Reconhecemos que certos desafios, como a dificuldade de medir o impacto da investigação ou de traduzir linguagens científicas complexas e especializadas sem perder o poder explicativo, para citar apenas dois, são complexos e não têm respostas simples. Entretanto, compreendemos que o rigor da investigação tende a melhorar quando o conhecimento das investigações finalmente seja gerado em diálogo com públicos relevantes, nele se baseiem e, em última instância, seja produzido para o bem comum.7
Acreditamos que refletir sobre o exemplo da influência de Paulo Freire como intelectual público nos deixa algumas pistas concretas para avançar na formulação de outros modelos de impacto. Uma primeira pista freiriana é a de atender ao imperativo científico de gerar investigações que busquem compreender e explicar fenômenos educativos sem descuidar do imperativo ético de contribuir para a eliminação das injustiças sociais e educativas. Uma segunda pista é dada pelo reconhecimento que não existe neutralidade ideológica no âmbito educativo, que a investigação tem que dialogar com a política e que quem está no âmbito político tem que dialogar com os/as investigadores/as, diálogos esses que \não são incompatíveis com enfoques conceituais e metodologicamente rigorosos. O campo da investigação educativa precisa repensar e desenvolver estratégias que facilitem a usabilidade da produção científica, incentivando relações dialógicas que reconheçam as perspectivas, os objetivos e as necessidades do público como parte das ecologias educativas.

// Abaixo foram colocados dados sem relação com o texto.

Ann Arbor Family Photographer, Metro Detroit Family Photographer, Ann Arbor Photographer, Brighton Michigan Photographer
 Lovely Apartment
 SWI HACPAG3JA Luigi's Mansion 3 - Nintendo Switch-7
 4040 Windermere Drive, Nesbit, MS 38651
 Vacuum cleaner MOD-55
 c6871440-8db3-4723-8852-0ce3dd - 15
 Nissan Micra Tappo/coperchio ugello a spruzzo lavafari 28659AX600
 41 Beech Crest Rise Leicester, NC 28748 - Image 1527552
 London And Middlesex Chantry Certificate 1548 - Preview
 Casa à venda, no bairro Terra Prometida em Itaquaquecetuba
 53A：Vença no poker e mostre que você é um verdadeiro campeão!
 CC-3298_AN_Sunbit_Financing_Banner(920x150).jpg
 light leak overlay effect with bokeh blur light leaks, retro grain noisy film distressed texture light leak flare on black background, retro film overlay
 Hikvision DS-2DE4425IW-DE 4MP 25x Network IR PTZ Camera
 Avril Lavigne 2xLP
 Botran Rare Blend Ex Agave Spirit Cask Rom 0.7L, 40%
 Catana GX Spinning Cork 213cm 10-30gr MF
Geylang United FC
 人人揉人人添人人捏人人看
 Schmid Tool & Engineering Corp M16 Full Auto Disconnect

As universidades devem oferecer um terreno fértil para a inovação e para a ciência, mas é chegado o momento de simultaneamente considerar as limitações do modelo ‘publicar ou perecer’ e começar a propor que a investigação que não é usável, poderia não existir8. Os/as investigadores/as e suas instituições necessitam encontrar maneiras de manejar melhor as tensões entre a avaliação da qualidade da investigação, o impacto acadêmico, a inteligibilidade social e a relevância pedagógica, social e científica para cumprir com nossa obrigação ética de servir ao público e enfrentar o problema existente entre a produção da investigação, seu acesso e seu potencial de usabilidade final.
Como cientistas sociais também devemos confrontar a sensação de comodidade de incentivos simplistas que o sistema atual oferece. O modelo simplista de avaliar as pesquisas, pesquisadores e programas de maneira indireta (onde é depositado o produto final) não diferencia entre publicar artigos cuja melhor contribuição é repetir o que já se sabe e que concluem com a habitual afirmação de que “é necessário mais investigações” daqueles trabalhos que geram novos conhecimentos e que eventualmente poderiam aportar valor ao campo científico, ajudar profissionais a melhorarem suas práticas ou proporcionar evidência rigorosa a famílias, comunidades e formuladore/as de políticas.
Poderemos avançar nesse sentido se ampliarmos nossos debates sobre avaliação da pesquisa, analisando mais cuidadosamente as perguntas que fazemos sobre a responsabilidade, a relevância e o impacto potencial das investigações. Programas no campo da educação necessitam evitar soluções simplistas que terminem produzindo mais e importando menos e participar de uma reflexão sobre a usabilidade das nossas agendas de investigação mediante a formulação de perguntas: para quem e para que fim?